> Problem to work on:
The records, repeated exactly and in full, are the expected answer.
------
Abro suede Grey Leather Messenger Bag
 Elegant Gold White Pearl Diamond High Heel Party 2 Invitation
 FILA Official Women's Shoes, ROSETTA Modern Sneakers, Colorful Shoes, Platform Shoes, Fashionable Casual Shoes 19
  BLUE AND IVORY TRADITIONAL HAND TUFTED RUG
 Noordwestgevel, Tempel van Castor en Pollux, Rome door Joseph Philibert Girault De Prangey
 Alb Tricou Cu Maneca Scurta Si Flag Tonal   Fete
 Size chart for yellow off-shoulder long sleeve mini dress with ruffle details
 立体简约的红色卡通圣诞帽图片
------
> The answer:
Abro suede Grey Leather Messenger Bag
 Elegant Gold White Pearl Diamond High Heel Party 2 Invitation
 FILA Official Women's Shoes, ROSETTA Modern Sneakers, Colorful Shoes, Platform Shoes, Fashionable Casual Shoes 19
  BLUE AND IVORY TRADITIONAL HAND TUFTED RUG
 Noordwestgevel, Tempel van Castor en Pollux, Rome door Joseph Philibert Girault De Prangey
 Alb Tricou Cu Maneca Scurta Si Flag Tonal   Fete
 Size chart for yellow off-shoulder long sleeve mini dress with ruffle details
 立体简约的红色卡通圣诞帽图片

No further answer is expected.